Lubaroff, a classically trained musician, plays and teaches all of the woodwinds, but his talent and passion are most evident when he picks up a saxophone. He said he feels grateful for the community's recognition of his work.

"It's nice to be known for something you've worked so hard for and invested so much time in," he said.

He has played with a variety of local bands, such as Shade of Blue — voted the best Iowa City area band four times — WeFunk, a funkadelic tribute band to George Clinton and Parliament, and the Saul Lubaroff Quartet.

On July 23, the quartet performed at the Marriott in Coralville. The smooth jazz could be heard throughout the lounge and bar area.

To a casual listener, the band could have sounded like mere background noise as walking bass lines, muted guitar notes, and sweeping drum beats provided a simple, pleasant ambiance.

But the piercing sound of Lubaroff's saxophone is quick to catch listeners' ears.

Among the audience was Barbara McKenna, Lubaroff's girlfriend. She enjoys attending his shows and thinks Iowa City is a good fit for a well-rounded musician such as Lubaroff, who plays in a variety of bands.

"Every musician is like a puzzle piece, and they have to connect with the other ones that fit to form a band," McKenna said.

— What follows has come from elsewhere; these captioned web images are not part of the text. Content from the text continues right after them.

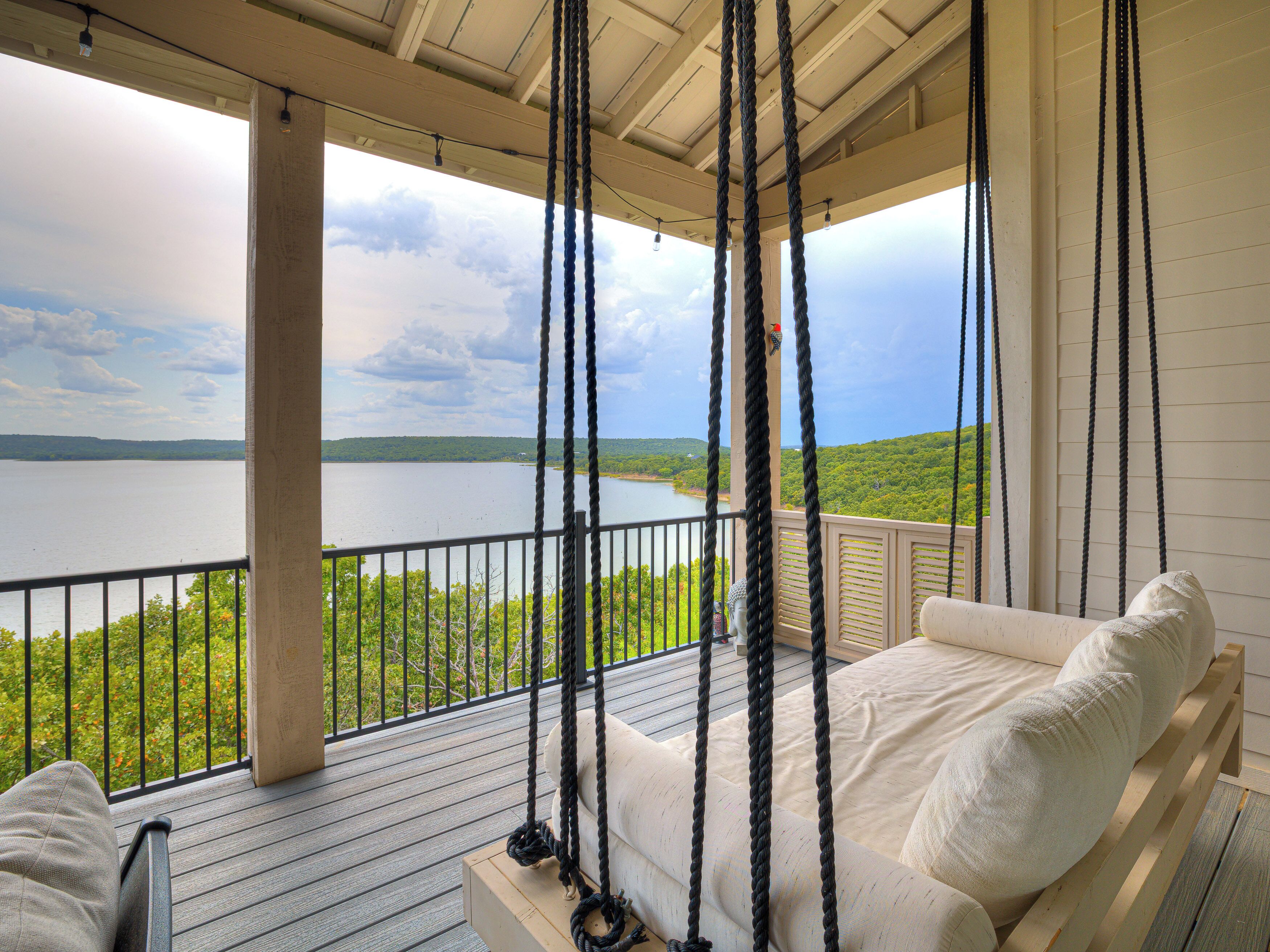 A porch with a swing chair overlooking a lake, wooden deck, and a view of the landscape.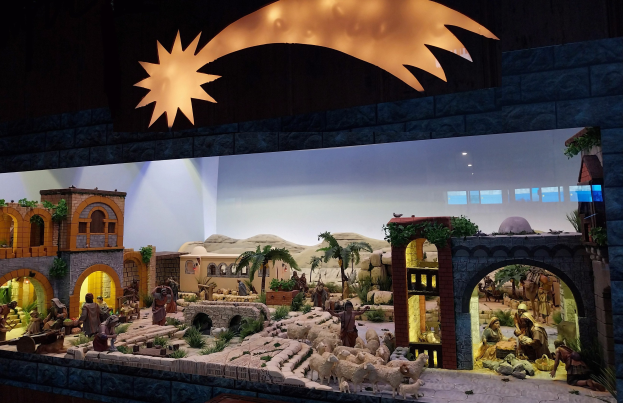 Eine Krippe mit beleuchteten Figuren, Tieren, Häusern und Pflanzen vor einer Wand.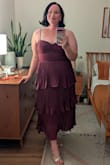 I wore this dress for a wedding with a cocktail code. I normally wear a size 16/1X in other brands, and the XXL fit just right. I agree with other reviews that the mid section would bunch, but after adjusting the strap lengths and tugging it down, that issue was solved. Also, any wrinkles came out easily with a steamer without harming the pleats. Such a fun dress! - Allison M.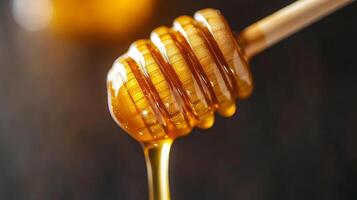 Honey dipping stick. Golden honey dripping from a honey dipper against a dark background. photo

Lubaroff credits the presence of "good music" growing up as some of his first exposures to the music world. He said listening to such artists as the Beatles, Dave Brubek, and Duke Ellington provided a solid influential backbone for his musical career.

Lubaroff recalls one specific evening with his father at the University of Iowa's Clapp Recital Hall.

"I was sitting with my dad, hearing a tenor sax solo," Lubaroff said, "I turned to my dad and I said, 'I want to do that.' "

Lubaroff's life, however, hasn't always been that simple.

Lubaroff grew up with Tourette syndrome, and he admitted the adversity has been difficult. He said the involuntary vocal spasms, called tics, that come from Tourette have neither hindered nor helped his musical career, though.

"When a horn was in my mouth, I wasn't ticcing," he said.

When he isn't playing with numerous bands, Lubaroff teaches music, which has given him an opportunity to grow as a musician and help aspiring musicians improve.

"The fact that I'm a music instructor has helped my playing get better," he said. "The two coincide."

Lubaroff has two sons, Zane and Will, who he described as his best friends, but he said he is looking forward to the near future when they are both in college because he will be able to focus even more on his music. He might even travel to such places as New Orleans and New York to collaborate with other musicians, he said.

John Feldman, the assistant manager at Coralville West Music, where Lubaroff teaches, described Lubaroff as a staple of the Iowa City musical scene as well as an influential and successful teacher.

"If you haven't seen him, then you probably haven't been to very many shows," Feldman said.